A player plays a gam against the bank, where she tosses two coins. The player wins if two heads, whilst the bank wins if any other combination appears.
a) Is two heads equally likley to come up as any other single number?
b) if the coints are tossed 60 times, how many times woudl you expect wo heads to come up?
c) if you bet $1 on getting two heads, what would you have to win back so that in the long term you win as much as you lose.
I didn't understand the calculations or formula for this at all, so if you could explain in elementary terms, (make it long if you have to) that would be really helpful.
2006-10-29 10:51:49 · 3 answers · asked by Anonymous in Science & Mathematics ➔ Mathematics
Okay, with two coins your sample space (what combinations you can get when you toss them) is {HH, HT, TH, TT} where H = heads and T = tails
Player wins with HH
Bank wins with HT, TH, TT
a.) Since there is 4 possible outcomes in our sample space and HH only appears 1 time.
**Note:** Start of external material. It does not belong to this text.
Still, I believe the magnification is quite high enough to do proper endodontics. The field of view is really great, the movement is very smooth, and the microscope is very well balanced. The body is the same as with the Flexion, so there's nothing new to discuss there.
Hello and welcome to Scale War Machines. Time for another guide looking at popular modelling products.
We know that the probability of two heads = P(HH) = 1/4. This is the same as two tails also P(TT) = 1/4 but the probability of one head and one tail P(TH or HT) =
P(HT) + P(TH) = 1/4 + 1/4 = 2/4. Therefore, NO two heads are not as equally likely as any other combination
b.) To solve this you would take the probability of two heads P(HH) = 1/4. Think of the 60 tosses as 60 marks on the paper ( ie. _ _ _ _ _ _ _ ... _ _ _ _) until the 60th one. the probability of getting two heads on the first _ is 1/4 and the 2nd _ is 1/4 and the third _ is 1/4... and the 60th _ is 1/4 (since each toss is independent of the previous or next toss) therefore the P(HH) for 60 tosses is (1/4) * (1/4) * (1/4) * (1/4)... * (1/4) up to the 60th one. therefore the answer is (1/4)^60
actually not sure if b is correct or not. HOpefully someone can explain better.
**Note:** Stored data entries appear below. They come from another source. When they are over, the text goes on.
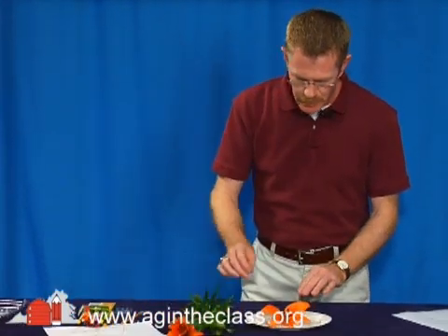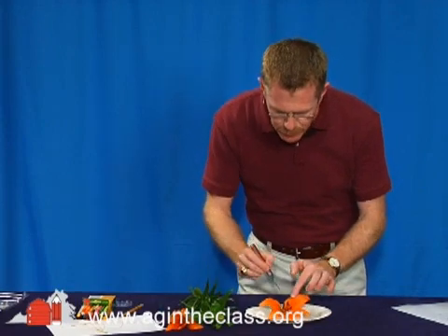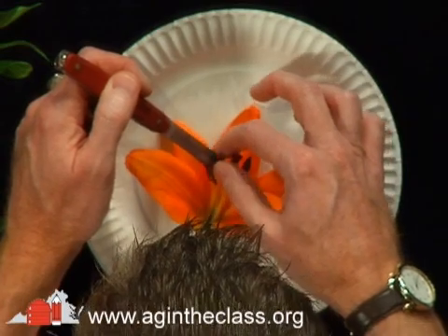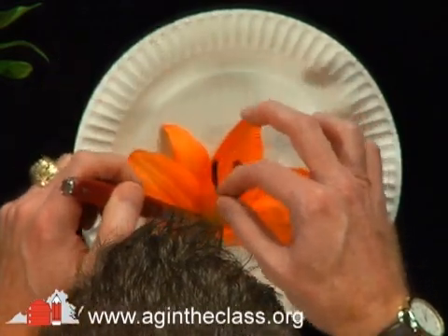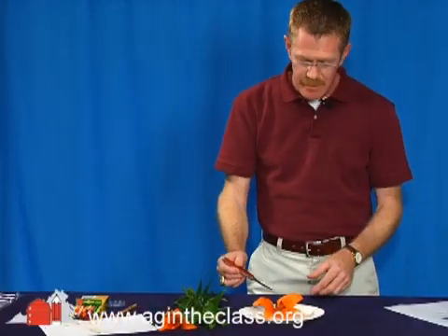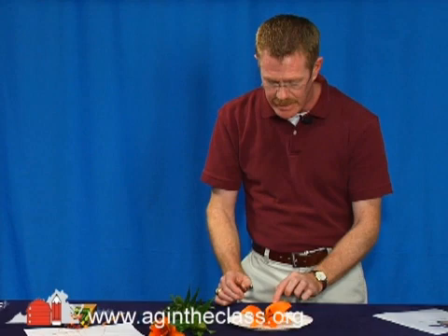After you've removed the petal, we want to go in and take one of the stamens out. The stamens are these little things here in the center that are holding the pollen. I'm going to take my knife and go in there and lift that center one out and then pull that right out. The stamen actually has the anther and the filament attached to it, and that's how they're attached down at the bottom.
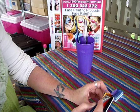Just slide the wet brush across the paint so that you can get all the colours on there.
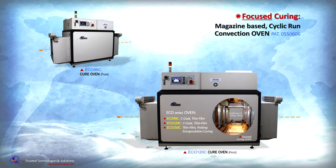Eco-Series ovens from KT&S are magazine-based with cyclic linear motion heat-convection ovens capable of curing materials such as conformal coating films, potting, and encapsulation.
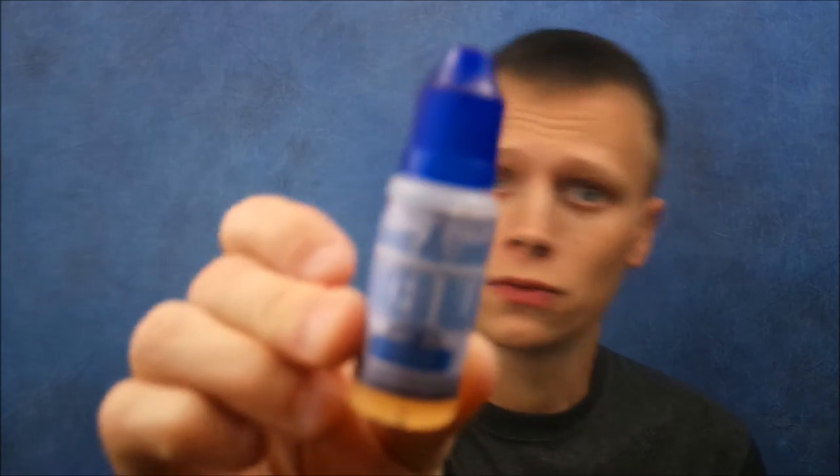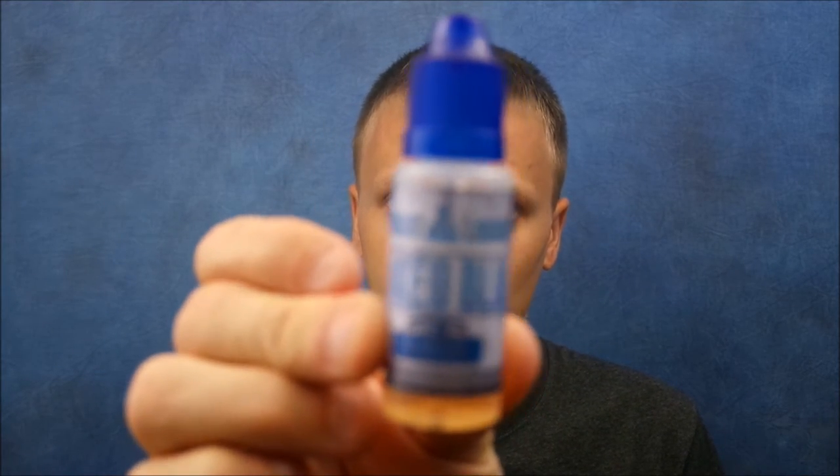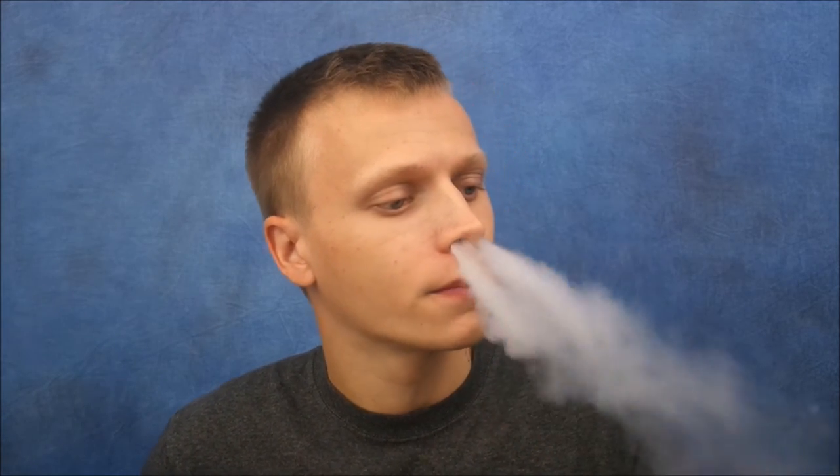The next one I'm going to look at is Baked Blue. Baked Blue is blueberries with a graham crust, a touch of cinnamon, and a hint of brown sugar. This one right here has pretty much become my all-day vape from them. As you guys can tell, I've been doing a number on this bottle. I was a little concerned — I was like, I'm going to vape all of it before I even get to review it, so I cut back and vaped the other flavors a bit more.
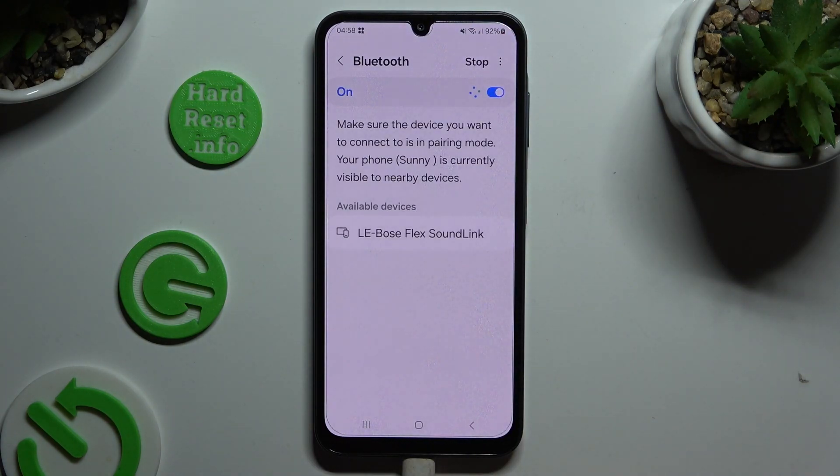Now just wait for available devices to show up, and when they do, click on the one that you wish to connect to.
c.) just gonna stop here cause I'm not sure...Sorry
I hope what I gave was helpful.
2006-10-29 11:05:10 · answer #1 · answered by rachie_grl6 2 · 0⤊ 0⤋
a) One toss, 4 Possibilities: HH, HT, TH, TT, so
P(HH) = 1/4 = 0.25
b) because 2 coins are tossed each time, you would expect HH to come up only (1/4)*60 = 15 times.
c) With three losses for every win, the odds against HH are 3:1 (You can also calculate odds from probability by O = (1 - P)/P. With more complex problems this becomes easier than counting up all the possibilities)
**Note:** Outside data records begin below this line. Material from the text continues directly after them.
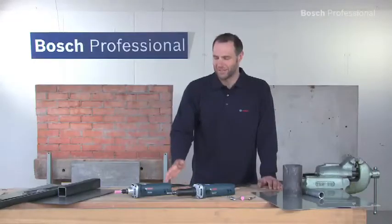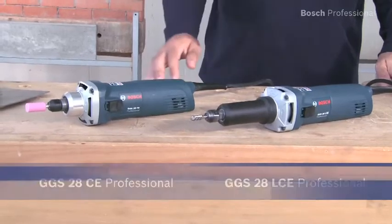Experience for yourself the GGS28CE and the GGS28LCE Professional, the robust tools for universal grinding work.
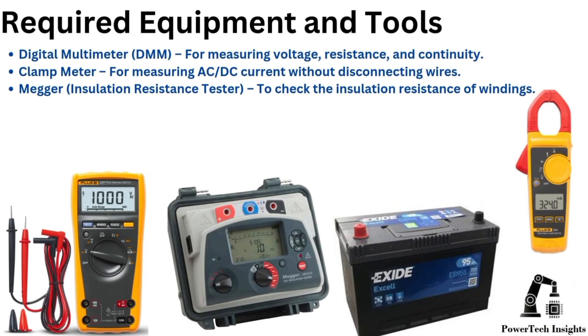Required equipment and tools: Digital multimeter for measuring voltage, resistance, and continuity. Clamp meter for measuring AC/DC current without disconnecting wires. Megger to check the insulation resistance of windings.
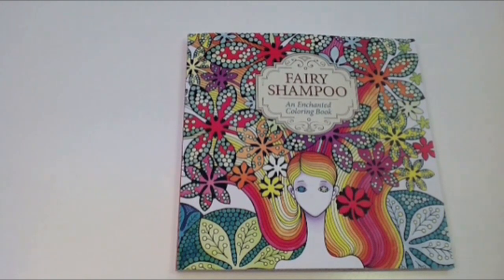Hi, this is Leigh from colouringqueen.net and I have a really different book today. It's called Fairy Shampoo and it is completely different from any fairy book that we traditionally look at.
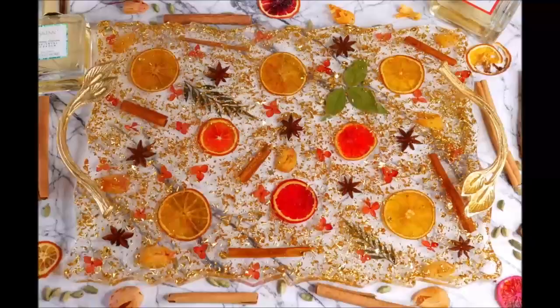This is how beautiful and bright our orange and spice resin tray looks — you get a lot of space in the center to place things. I'm so satisfied and happy to see this tray come out so beautifully. I absolutely love the bright colors of the oranges, hydrangea flowers, and spices, along with the one green leaf — it looks so natural, as if all the ingredients are frozen in glass. This tray is one of a kind! Do give it a try, tell me in the comments what you think, and please like, share, and subscribe for more videos.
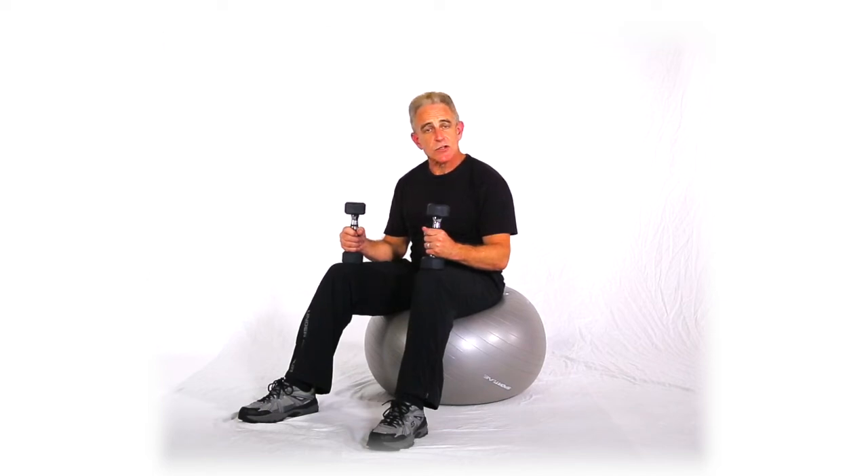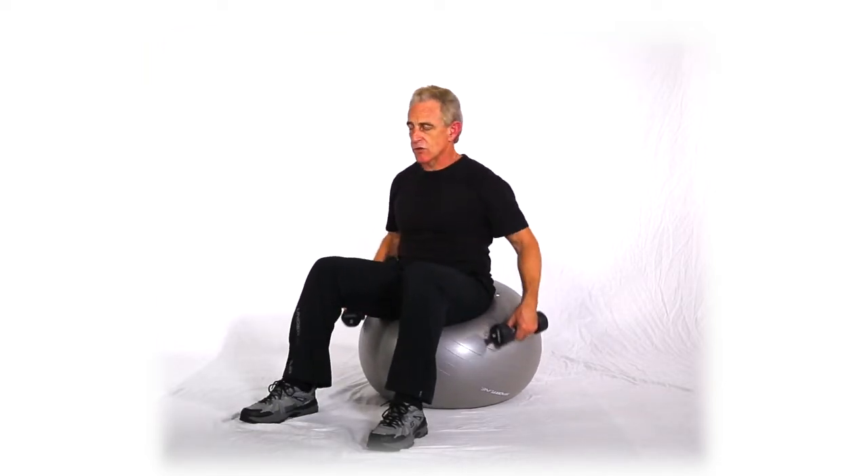The next move is a front delt cross raise, seated on a ball, but alternating hands. I like to throw in three variations for the shoulders.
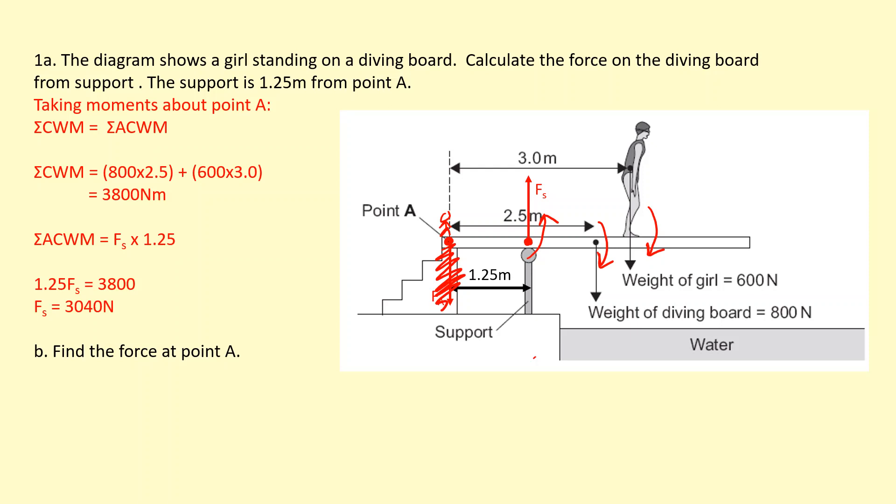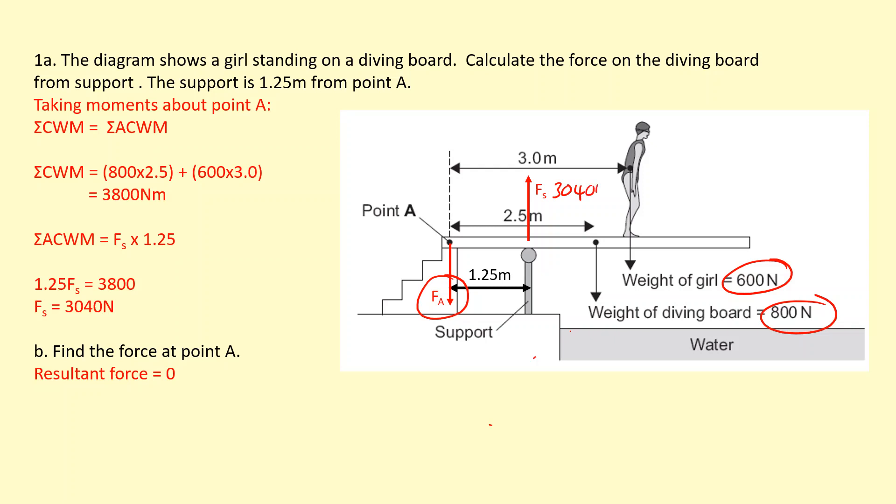To find the force at point A, we don't need to take moments. We can just use translational equilibrium, which means the resultant force equals zero, so all the downward forces added together must equal the upward force. We just worked out the upward force is 3,040 newtons. The other downward forces total 1,400 newtons together, so adding FA gives 3,040 and we solve for FA.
In order to break even betting $1 on HH, you would need a $3 payout for winning because you are going to lose 3 times as many times as you win.
2006-10-29 19:15:36 · answer #2 · answered by Helmut 7 · 0⤊ 0⤋
To clarify the latest answer... you have to win $3 AND get your dollar back.
2006-10-29 20:17:46 · answer #3 · answered by Anonymous · 0⤊ 0⤋